# iphone2Vec

Referred from Siraj Raval's tutorial video/repository, original from © Yuriy Guts, 2016
Adapted to create clustering of words inside a particular text

Sample text kindly compiled by Eugene Yuen

#### Note: Converted to run on Python 3 and gensim-3.4.0


## Imports

In [2]:
import codecs
import glob
import logging
import multiprocessing
import os
import pprint
import re

In [3]:
import nltk
import gensim.models.word2vec as w2v
import sklearn.manifold
import numpy as np
import matplotlib.pyplot as plt
import pandas as pd
import seaborn as sns

In [4]:
%pylab inline

Populating the interactive namespace from numpy and matplotlib


**Set up logging**

In [5]:
logging.basicConfig(format='%(asctime)s : %(levelname)s : %(message)s', level=logging.INFO)

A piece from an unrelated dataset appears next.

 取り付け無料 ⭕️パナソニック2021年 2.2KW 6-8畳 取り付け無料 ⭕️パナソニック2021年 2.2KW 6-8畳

**Download NLTK tokenizer models (only the first time)**

In [6]:
nltk.download("punkt")
nltk.download("stopwords")
nltk.download('wordnet')

from nltk.stem import WordNetLemmatizer
from nltk.corpus import stopwords

# from sklearn.cluster import KMeans
# from sklearn.feature_extraction.text import TfidfVectorizer

from pprint import pprint

stop_words = set(stopwords.words('english'))
lemmatizer = WordNetLemmatizer()

[nltk_data] Downloading package punkt to
[nltk_data]     /Users/gabrielmanuelsidik/nltk_data...
[nltk_data]   Package punkt is already up-to-date!
[nltk_data] Downloading package stopwords to
[nltk_data]     /Users/gabrielmanuelsidik/nltk_data...
[nltk_data]   Package stopwords is already up-to-date!
[nltk_data] Downloading package wordnet to
[nltk_data]     /Users/gabrielmanuelsidik/nltk_data...
[nltk_data]   Package wordnet is already up-to-date!


## Prepare Corpus

**Load books from files**

In [7]:
book_filenames = sorted(glob.glob("data/iphone.txt"))


In [8]:
print("Found books:")
print(book_filenames)

Found books:
['data/iphone.txt']


**Combine the books into one string**

In [9]:
corpus_raw = u""
for book_filename in book_filenames:
    print("Reading '{0}'...".format(book_filename))
    with codecs.open(book_filename, "r") as book_file:
        corpus_raw += book_file.read()
    print("Corpus is now {0} characters long".format(len(corpus_raw)))
    print()

Reading 'data/iphone.txt'...
Corpus is now 507121 characters long



**Split the corpus into sentences**

In [10]:
# LOADING CORPUS FROM PUNKT LIBRARY
tokenizer = nltk.data.load('tokenizers/punkt/english.pickle')

In [11]:
raw_sentences = tokenizer.tokenize(corpus_raw)
# raw_sentences = raw_sentences[0].split("\n")
print(raw_sentences)



In [12]:
#convert into a list of words
#remove unnecessary,, split into words, no hyphens
#list of words

def sentence_to_wordlist(raw):
    clean = re.sub("[^a-zA-Z]"," ", raw)
    words = clean.split()
    filtered_words = []
    
    for word in words:
        if word not in stop_words:
            filtered_words.append(lemmatizer.lemmatize(word.lower()))
    
    return filtered_words

In [13]:
#sentence where each word is tokenized
sentences = []
for raw_sentence in raw_sentences:
    if len(raw_sentence) > 0:
        sentences.append(sentence_to_wordlist(raw_sentence))

In [14]:
print(raw_sentence)
print(sentence_to_wordlist(raw_sentence))
print(sentences[-1])

Dispose of batteries according to your local environmental laws and guidelines.
['dispose', 'battery', 'according', 'local', 'environmental', 'law', 'guideline']
['dispose', 'battery', 'according', 'local', 'environmental', 'law', 'guideline']


In [15]:
token_count = sum([len(sentence) for sentence in sentences])
print("The song corpus contains {0:,} tokens".format(token_count))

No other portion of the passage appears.